- GIVEN INFORMATION -
######

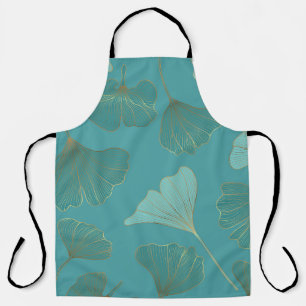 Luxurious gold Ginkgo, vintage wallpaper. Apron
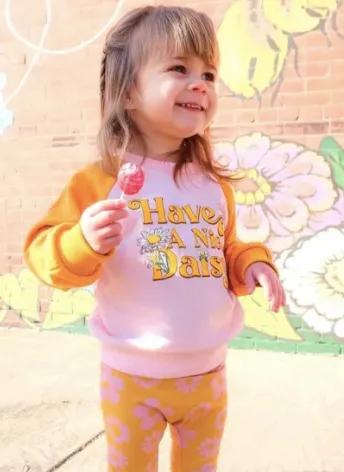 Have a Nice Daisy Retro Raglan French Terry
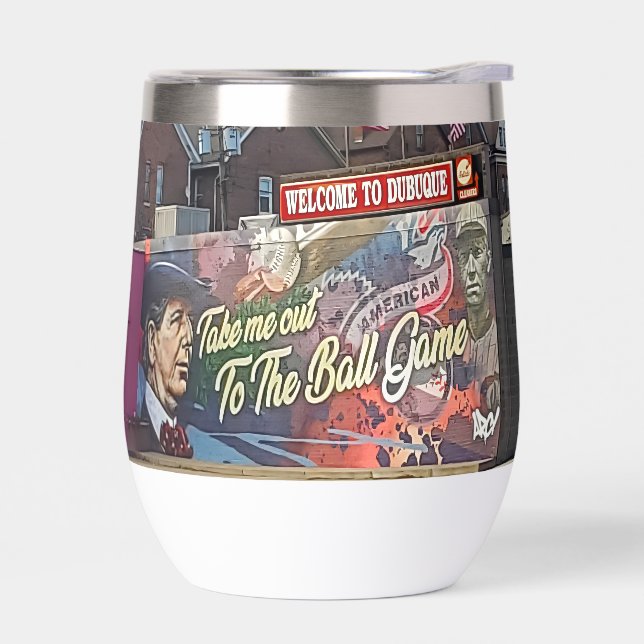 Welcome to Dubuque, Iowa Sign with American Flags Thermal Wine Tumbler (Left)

######

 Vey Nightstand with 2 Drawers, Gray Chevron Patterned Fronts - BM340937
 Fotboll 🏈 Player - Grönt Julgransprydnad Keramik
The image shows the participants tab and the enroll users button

######

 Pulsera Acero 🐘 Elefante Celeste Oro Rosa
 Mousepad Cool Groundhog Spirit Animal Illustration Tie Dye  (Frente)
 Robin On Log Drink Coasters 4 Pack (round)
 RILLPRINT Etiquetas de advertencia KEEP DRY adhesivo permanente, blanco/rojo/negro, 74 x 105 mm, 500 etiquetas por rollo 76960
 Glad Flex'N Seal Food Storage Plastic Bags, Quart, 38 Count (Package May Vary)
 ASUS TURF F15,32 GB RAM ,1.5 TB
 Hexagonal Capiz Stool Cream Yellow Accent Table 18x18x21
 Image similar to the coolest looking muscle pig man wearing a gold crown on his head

######

The listing above holds a line with "RILLPRINT Etiquetas de" and a line with "Image similar to". Print the stretch from the first through the second, exactly and alone.

- RESPONSE -
 RILLPRINT Etiquetas de advertencia KEEP DRY adhesivo permanente, blanco/rojo/negro, 74 x 105 mm, 500 etiquetas por rollo 76960
 Glad Flex'N Seal Food Storage Plastic Bags, Quart, 38 Count (Package May Vary)
 ASUS TURF F15,32 GB RAM ,1.5 TB
 Hexagonal Capiz Stool Cream Yellow Accent Table 18x18x21
 Image similar to the coolest looking muscle pig man wearing a gold crown on his head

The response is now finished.